— TASK ITEM —
The required output is an exact copy of the lines from the one containing "Fly over a Hop" through the end of the entries below, with pictures removed.

— DATASET EXCERPTS —

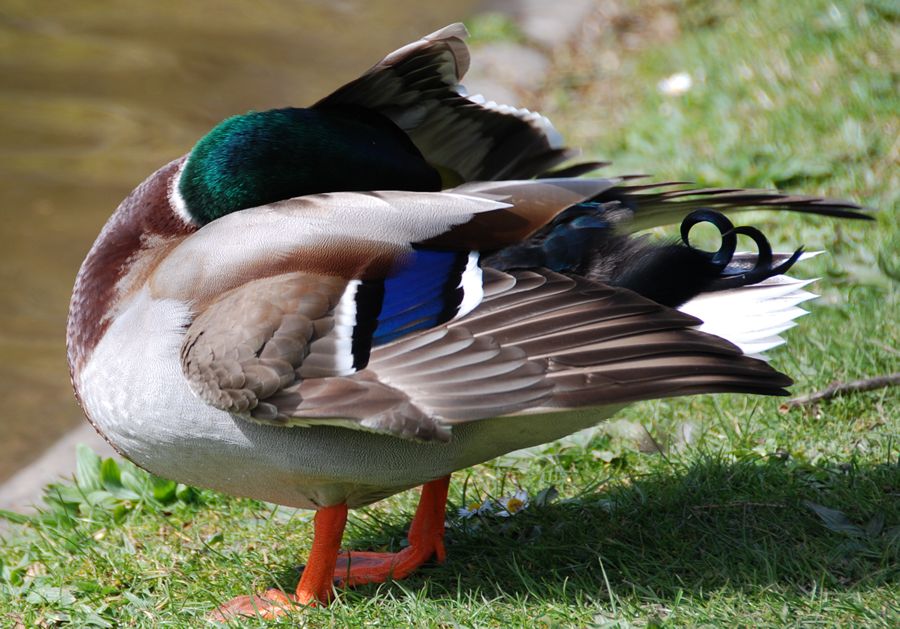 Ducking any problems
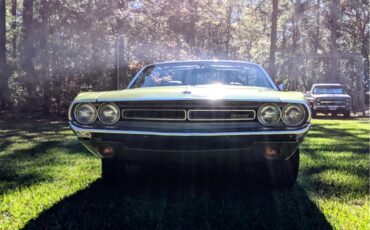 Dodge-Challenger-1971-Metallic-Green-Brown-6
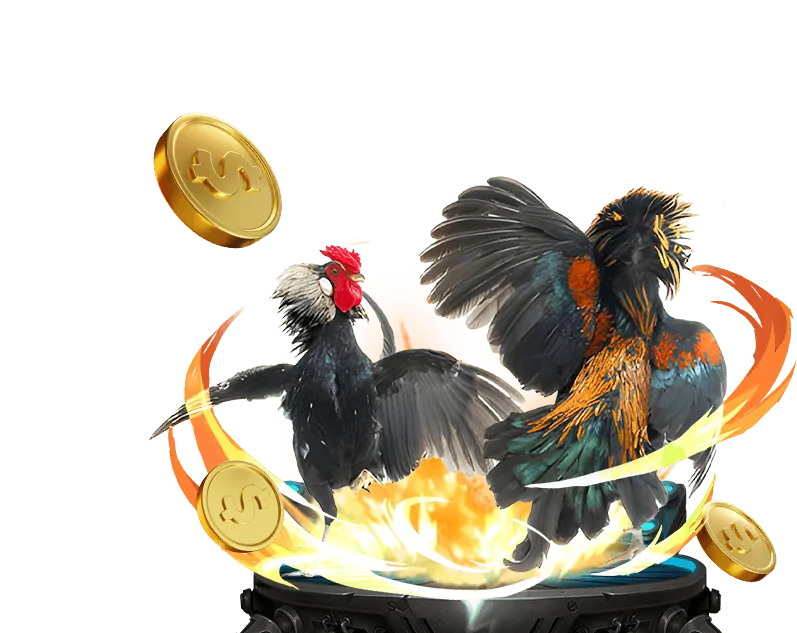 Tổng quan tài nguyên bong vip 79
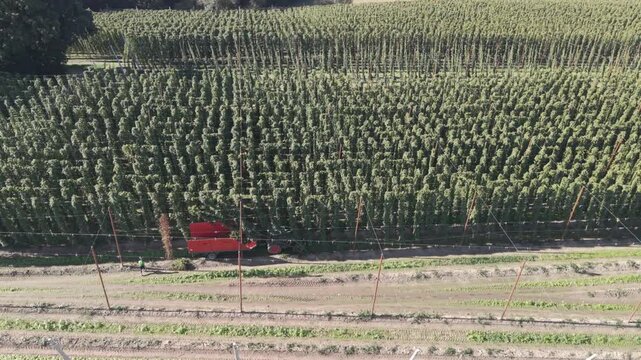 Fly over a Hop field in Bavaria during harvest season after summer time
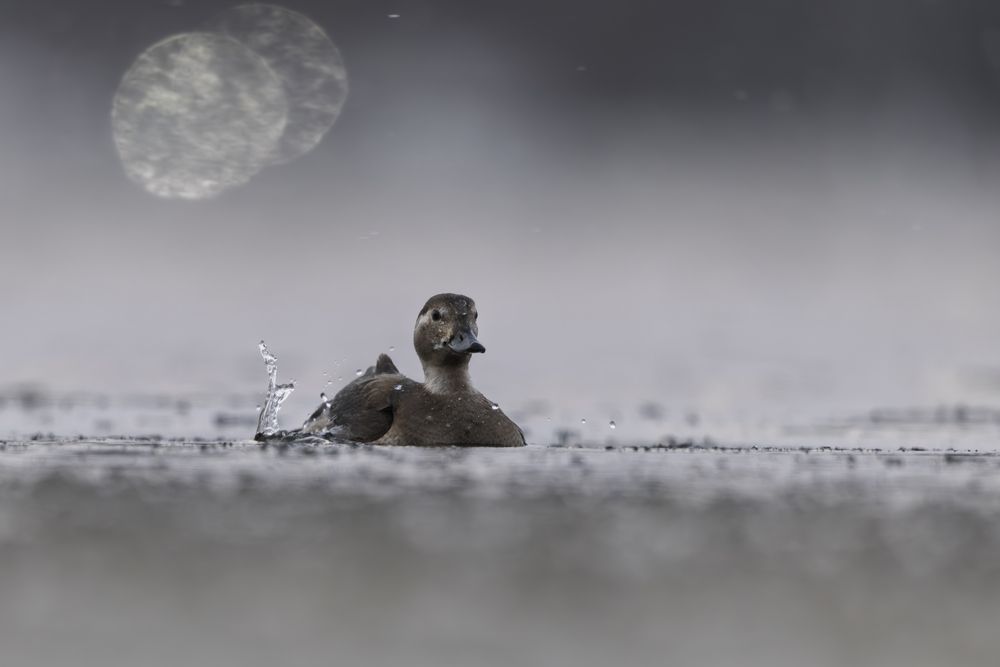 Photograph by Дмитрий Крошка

— REPLY TO THE EXERCISE —
 Fly over a Hop field in Bavaria during harvest season after summer time
 Photograph by Дмитрий Крошка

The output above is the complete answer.